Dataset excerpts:
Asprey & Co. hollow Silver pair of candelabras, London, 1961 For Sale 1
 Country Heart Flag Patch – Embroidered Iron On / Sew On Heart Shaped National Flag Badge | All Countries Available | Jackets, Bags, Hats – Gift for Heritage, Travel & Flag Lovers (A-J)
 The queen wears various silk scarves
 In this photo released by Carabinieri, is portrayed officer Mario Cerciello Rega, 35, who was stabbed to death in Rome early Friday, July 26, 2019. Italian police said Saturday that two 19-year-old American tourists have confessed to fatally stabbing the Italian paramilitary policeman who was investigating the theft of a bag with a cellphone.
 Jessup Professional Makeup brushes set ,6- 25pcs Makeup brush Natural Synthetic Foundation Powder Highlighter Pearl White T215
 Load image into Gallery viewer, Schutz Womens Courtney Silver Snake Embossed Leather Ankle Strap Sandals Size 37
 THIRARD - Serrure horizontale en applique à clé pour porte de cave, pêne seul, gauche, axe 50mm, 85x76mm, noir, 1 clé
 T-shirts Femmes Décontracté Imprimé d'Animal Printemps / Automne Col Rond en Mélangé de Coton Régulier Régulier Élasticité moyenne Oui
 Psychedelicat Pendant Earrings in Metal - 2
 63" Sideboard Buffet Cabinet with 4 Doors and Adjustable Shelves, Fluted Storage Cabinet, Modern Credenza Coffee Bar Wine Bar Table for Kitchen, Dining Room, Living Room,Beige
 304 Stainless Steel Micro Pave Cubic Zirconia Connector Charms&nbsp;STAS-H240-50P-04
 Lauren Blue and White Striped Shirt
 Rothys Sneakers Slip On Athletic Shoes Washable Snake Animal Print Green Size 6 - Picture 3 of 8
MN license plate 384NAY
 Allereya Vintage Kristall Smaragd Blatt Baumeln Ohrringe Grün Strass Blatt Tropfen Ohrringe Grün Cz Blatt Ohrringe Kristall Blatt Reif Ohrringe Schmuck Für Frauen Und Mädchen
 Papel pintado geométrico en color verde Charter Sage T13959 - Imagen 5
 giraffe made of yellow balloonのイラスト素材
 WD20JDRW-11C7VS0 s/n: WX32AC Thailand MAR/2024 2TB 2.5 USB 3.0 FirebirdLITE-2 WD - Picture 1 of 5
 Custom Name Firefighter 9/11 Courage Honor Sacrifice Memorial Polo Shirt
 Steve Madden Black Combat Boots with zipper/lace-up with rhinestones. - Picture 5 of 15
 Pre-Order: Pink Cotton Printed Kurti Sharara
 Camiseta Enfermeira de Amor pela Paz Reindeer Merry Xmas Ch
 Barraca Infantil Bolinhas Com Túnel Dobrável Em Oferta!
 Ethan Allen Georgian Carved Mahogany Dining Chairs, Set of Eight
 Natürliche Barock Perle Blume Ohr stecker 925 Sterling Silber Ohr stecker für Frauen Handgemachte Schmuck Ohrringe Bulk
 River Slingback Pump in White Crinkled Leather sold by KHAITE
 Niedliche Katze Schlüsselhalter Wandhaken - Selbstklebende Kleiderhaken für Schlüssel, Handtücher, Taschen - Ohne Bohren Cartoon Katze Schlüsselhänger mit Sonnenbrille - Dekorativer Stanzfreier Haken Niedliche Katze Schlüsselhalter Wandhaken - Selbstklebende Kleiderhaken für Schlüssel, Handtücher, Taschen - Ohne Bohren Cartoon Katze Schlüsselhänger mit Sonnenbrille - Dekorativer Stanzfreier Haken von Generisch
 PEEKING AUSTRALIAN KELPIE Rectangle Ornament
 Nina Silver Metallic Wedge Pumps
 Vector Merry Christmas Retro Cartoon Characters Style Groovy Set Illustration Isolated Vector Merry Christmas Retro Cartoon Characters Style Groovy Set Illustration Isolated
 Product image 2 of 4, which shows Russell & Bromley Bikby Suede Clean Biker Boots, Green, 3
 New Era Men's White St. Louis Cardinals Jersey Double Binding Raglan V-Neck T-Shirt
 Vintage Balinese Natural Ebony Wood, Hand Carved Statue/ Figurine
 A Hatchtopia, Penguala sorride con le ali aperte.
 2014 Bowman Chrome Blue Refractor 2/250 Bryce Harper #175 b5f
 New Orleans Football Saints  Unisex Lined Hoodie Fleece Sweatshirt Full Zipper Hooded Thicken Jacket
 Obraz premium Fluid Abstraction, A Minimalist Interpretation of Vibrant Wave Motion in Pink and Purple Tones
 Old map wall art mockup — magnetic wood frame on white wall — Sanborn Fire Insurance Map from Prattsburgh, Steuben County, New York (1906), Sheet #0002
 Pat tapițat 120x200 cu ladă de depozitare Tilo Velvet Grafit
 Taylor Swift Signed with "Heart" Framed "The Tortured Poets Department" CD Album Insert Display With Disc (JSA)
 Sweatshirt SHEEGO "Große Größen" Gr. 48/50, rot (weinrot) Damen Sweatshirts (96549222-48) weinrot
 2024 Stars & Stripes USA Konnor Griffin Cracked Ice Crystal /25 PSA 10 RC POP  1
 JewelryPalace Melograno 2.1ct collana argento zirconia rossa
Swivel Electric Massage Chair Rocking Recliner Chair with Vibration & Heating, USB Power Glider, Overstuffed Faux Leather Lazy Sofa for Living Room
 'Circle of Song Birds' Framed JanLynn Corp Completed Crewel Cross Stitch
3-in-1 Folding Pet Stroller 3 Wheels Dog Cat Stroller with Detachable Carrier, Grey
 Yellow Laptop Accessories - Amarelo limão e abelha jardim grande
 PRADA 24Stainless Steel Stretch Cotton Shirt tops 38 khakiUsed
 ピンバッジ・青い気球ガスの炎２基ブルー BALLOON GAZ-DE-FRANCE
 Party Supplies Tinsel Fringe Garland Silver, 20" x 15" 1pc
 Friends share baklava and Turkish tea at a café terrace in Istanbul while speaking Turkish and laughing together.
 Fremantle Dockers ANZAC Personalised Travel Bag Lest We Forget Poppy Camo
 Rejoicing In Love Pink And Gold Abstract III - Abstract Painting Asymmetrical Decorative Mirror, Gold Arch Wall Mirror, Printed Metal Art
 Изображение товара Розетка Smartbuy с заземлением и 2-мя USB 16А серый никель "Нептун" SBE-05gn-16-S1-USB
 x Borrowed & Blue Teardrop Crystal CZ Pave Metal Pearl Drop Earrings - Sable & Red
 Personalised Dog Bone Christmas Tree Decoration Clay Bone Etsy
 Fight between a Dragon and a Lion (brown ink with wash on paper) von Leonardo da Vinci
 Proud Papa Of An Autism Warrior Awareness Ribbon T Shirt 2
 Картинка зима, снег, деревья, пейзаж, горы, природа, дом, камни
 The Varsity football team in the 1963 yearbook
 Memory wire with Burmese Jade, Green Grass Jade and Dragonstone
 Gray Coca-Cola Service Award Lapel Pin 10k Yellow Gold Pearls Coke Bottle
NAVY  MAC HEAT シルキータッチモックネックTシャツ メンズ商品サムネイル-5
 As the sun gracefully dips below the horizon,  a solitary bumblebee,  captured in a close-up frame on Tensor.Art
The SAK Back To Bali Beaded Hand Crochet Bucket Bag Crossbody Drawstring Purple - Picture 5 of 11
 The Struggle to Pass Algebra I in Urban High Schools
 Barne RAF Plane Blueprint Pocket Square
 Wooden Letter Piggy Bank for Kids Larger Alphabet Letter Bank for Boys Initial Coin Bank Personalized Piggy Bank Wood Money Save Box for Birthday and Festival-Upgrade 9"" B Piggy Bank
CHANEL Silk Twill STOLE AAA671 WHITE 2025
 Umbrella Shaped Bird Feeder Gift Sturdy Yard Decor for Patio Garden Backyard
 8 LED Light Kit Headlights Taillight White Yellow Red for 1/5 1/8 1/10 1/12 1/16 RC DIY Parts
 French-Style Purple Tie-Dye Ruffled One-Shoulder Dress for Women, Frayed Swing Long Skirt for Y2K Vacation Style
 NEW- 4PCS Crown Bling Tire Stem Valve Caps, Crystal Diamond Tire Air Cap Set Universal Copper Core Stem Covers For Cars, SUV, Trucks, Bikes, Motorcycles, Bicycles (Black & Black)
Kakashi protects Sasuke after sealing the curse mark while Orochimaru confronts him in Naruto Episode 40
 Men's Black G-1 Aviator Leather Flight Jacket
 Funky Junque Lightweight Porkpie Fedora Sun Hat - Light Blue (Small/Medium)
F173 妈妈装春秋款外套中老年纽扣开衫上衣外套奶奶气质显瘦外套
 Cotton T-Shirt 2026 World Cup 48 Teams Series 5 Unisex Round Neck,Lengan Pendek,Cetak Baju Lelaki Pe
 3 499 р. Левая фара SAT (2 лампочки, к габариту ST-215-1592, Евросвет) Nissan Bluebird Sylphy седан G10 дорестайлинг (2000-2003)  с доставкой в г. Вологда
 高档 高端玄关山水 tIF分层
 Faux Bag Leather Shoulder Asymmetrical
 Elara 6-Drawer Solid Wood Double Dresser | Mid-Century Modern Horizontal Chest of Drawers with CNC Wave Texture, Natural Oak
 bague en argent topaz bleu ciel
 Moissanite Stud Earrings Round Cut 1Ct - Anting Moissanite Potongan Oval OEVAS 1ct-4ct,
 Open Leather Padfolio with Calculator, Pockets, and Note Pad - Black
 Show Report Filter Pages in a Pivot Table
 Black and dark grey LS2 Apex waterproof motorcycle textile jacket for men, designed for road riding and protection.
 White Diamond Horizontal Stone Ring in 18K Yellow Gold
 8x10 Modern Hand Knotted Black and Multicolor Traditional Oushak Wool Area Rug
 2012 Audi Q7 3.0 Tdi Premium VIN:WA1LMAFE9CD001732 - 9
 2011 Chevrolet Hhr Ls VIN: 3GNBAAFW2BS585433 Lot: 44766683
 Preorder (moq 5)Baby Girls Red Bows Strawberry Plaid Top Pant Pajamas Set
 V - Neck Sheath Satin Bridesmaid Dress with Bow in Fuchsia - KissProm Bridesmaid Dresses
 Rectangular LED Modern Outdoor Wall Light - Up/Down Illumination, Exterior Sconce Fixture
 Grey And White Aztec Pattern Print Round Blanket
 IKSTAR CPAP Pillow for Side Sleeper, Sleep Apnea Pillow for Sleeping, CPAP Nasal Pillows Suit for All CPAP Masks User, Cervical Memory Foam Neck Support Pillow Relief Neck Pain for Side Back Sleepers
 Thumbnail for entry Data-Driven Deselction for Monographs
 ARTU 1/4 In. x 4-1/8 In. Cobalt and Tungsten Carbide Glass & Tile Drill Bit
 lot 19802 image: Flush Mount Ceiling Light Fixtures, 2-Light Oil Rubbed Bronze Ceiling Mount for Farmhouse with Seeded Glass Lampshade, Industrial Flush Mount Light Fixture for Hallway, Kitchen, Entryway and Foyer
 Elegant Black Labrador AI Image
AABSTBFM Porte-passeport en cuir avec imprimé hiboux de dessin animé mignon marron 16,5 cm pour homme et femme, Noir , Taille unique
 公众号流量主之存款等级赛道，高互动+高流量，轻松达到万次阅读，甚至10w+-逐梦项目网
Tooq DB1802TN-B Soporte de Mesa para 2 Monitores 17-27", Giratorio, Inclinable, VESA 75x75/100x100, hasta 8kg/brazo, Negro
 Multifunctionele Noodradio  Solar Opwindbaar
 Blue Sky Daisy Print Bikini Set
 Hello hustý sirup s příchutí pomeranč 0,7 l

Your instructions:
Extract exactly and only the lines above from the line containing "ARTU 1/4 In." through the line containing "lot 19802 image: Flush", both end lines included.

Output of the task:
 ARTU 1/4 In. x 4-1/8 In. Cobalt and Tungsten Carbide Glass & Tile Drill Bit
 lot 19802 image: Flush Mount Ceiling Light Fixtures, 2-Light Oil Rubbed Bronze Ceiling Mount for Farmhouse with Seeded Glass Lampshade, Industrial Flush Mount Light Fixture for Hallway, Kitchen, Entryway and Foyer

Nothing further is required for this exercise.